## [About this task]
Please reproduce the entries below exactly, starting at the first line and ending with the line that holds "Blue Camo Logo Tee - Triple B Outdoors".

(Crawled caption data)
[Start of section]

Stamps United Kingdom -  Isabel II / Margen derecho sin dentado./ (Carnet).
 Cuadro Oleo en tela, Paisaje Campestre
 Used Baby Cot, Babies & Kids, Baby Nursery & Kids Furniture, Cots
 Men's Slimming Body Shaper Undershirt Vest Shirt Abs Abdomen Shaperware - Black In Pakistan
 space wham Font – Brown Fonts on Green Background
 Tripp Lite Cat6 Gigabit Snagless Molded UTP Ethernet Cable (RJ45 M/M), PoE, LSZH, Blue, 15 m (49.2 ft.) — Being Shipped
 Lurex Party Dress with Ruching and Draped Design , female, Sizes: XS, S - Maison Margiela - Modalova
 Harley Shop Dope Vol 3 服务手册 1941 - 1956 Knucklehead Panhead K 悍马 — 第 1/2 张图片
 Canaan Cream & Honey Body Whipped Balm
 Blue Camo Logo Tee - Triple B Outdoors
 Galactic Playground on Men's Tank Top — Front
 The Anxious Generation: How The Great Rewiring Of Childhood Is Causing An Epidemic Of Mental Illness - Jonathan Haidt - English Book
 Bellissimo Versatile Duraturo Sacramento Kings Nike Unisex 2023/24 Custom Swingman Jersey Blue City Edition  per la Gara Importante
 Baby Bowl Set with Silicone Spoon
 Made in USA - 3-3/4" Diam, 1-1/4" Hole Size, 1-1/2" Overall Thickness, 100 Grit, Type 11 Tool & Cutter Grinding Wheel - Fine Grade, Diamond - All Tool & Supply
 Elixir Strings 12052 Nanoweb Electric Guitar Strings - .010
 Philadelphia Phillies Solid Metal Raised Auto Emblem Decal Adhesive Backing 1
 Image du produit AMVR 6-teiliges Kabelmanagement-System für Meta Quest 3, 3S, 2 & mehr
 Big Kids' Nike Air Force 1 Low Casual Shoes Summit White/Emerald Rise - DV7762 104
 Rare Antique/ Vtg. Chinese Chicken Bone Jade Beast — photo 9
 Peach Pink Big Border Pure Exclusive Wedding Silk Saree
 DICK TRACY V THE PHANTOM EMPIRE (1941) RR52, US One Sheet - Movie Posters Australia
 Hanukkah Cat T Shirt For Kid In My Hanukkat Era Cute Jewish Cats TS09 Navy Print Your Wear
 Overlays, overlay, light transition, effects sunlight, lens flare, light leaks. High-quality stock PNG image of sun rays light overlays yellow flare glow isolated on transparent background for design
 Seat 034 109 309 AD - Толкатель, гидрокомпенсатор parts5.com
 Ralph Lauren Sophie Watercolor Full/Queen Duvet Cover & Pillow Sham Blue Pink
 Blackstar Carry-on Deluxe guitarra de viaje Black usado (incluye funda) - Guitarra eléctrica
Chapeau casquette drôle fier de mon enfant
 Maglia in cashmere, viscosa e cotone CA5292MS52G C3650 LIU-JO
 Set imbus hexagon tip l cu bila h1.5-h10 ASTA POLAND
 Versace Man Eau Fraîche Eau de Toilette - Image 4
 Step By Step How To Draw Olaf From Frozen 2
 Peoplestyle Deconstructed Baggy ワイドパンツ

[End of section]

## [Exercise answer]
Stamps United Kingdom -  Isabel II / Margen derecho sin dentado./ (Carnet).
 Cuadro Oleo en tela, Paisaje Campestre
 Used Baby Cot, Babies & Kids, Baby Nursery & Kids Furniture, Cots
 Men's Slimming Body Shaper Undershirt Vest Shirt Abs Abdomen Shaperware - Black In Pakistan
 space wham Font – Brown Fonts on Green Background
 Tripp Lite Cat6 Gigabit Snagless Molded UTP Ethernet Cable (RJ45 M/M), PoE, LSZH, Blue, 15 m (49.2 ft.) — Being Shipped
 Lurex Party Dress with Ruching and Draped Design , female, Sizes: XS, S - Maison Margiela - Modalova
 Harley Shop Dope Vol 3 服务手册 1941 - 1956 Knucklehead Panhead K 悍马 — 第 1/2 张图片
 Canaan Cream & Honey Body Whipped Balm
 Blue Camo Logo Tee - Triple B Outdoors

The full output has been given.